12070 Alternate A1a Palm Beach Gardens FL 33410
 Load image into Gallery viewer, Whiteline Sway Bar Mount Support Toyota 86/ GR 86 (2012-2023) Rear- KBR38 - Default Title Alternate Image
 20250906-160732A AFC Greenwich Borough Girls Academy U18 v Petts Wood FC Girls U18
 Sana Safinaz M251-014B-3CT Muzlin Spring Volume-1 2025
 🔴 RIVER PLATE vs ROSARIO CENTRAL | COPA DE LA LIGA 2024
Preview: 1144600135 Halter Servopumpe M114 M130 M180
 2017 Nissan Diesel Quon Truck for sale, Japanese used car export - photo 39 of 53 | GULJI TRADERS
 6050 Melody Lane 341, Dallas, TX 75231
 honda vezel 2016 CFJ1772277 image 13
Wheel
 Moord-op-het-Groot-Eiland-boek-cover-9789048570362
•••
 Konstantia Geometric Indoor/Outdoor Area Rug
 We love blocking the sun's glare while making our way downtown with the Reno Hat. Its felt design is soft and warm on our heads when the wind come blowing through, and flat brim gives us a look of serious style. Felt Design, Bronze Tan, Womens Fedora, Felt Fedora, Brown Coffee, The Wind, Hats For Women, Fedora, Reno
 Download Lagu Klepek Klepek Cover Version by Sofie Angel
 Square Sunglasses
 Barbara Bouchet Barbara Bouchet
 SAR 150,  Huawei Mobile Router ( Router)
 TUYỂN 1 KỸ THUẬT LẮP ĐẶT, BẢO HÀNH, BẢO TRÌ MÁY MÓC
•••
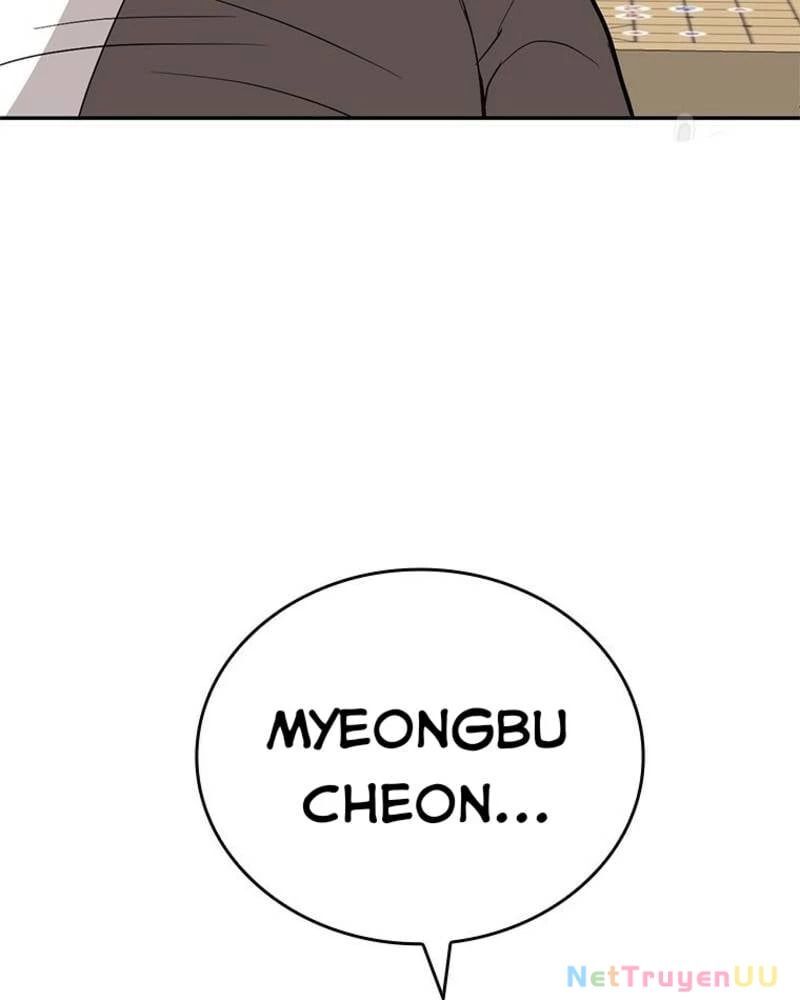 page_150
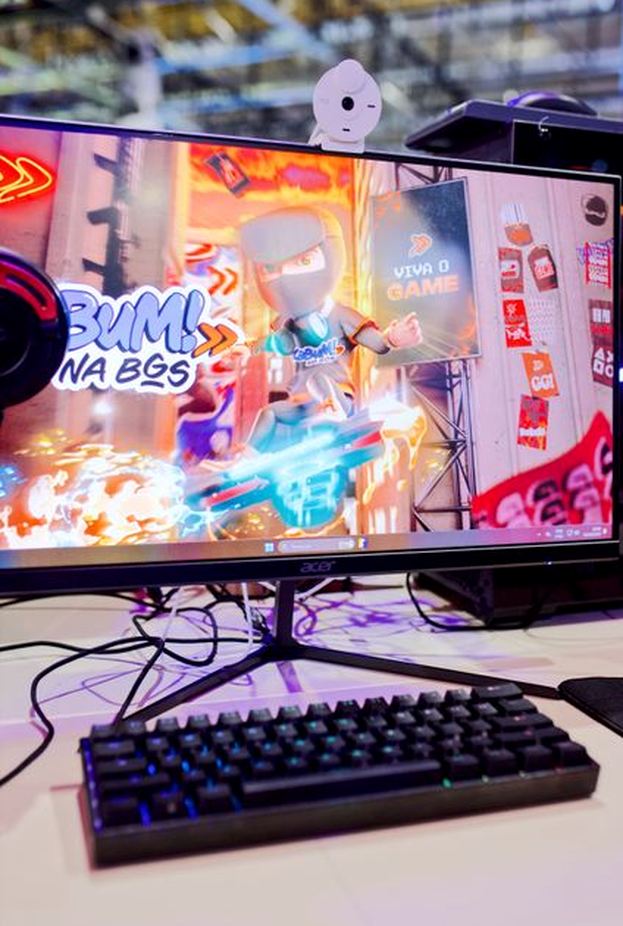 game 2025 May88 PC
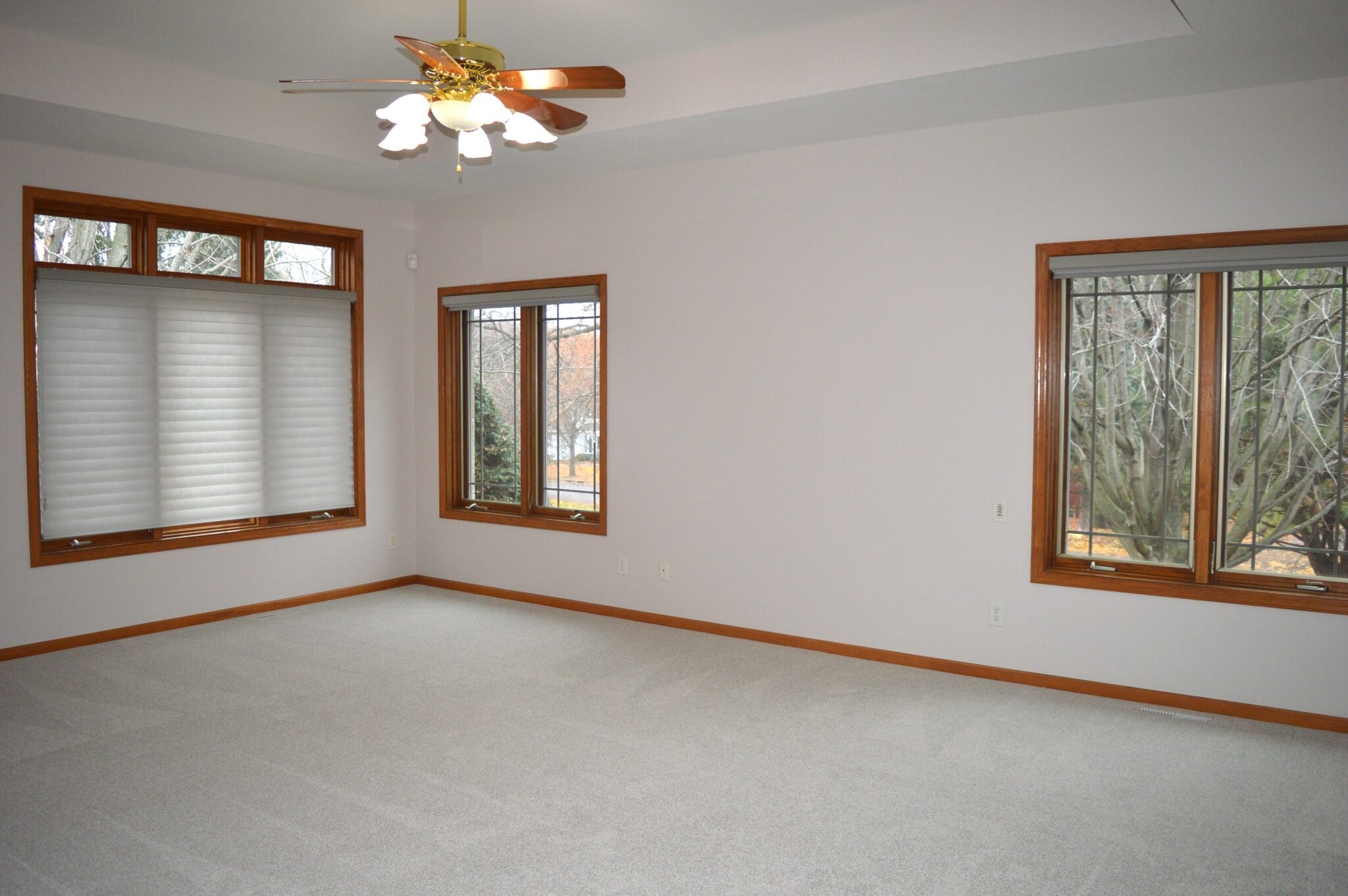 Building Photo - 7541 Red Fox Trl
•••
Beginning with the line containing "12070 Alternate A1a" in the material above, copy every line exactly until you have copied the line containing "LA LIGA 2024".

**Task output**
12070 Alternate A1a Palm Beach Gardens FL 33410
 Load image into Gallery viewer, Whiteline Sway Bar Mount Support Toyota 86/ GR 86 (2012-2023) Rear- KBR38 - Default Title Alternate Image
 20250906-160732A AFC Greenwich Borough Girls Academy U18 v Petts Wood FC Girls U18
 Sana Safinaz M251-014B-3CT Muzlin Spring Volume-1 2025
 🔴 RIVER PLATE vs ROSARIO CENTRAL | COPA DE LA LIGA 2024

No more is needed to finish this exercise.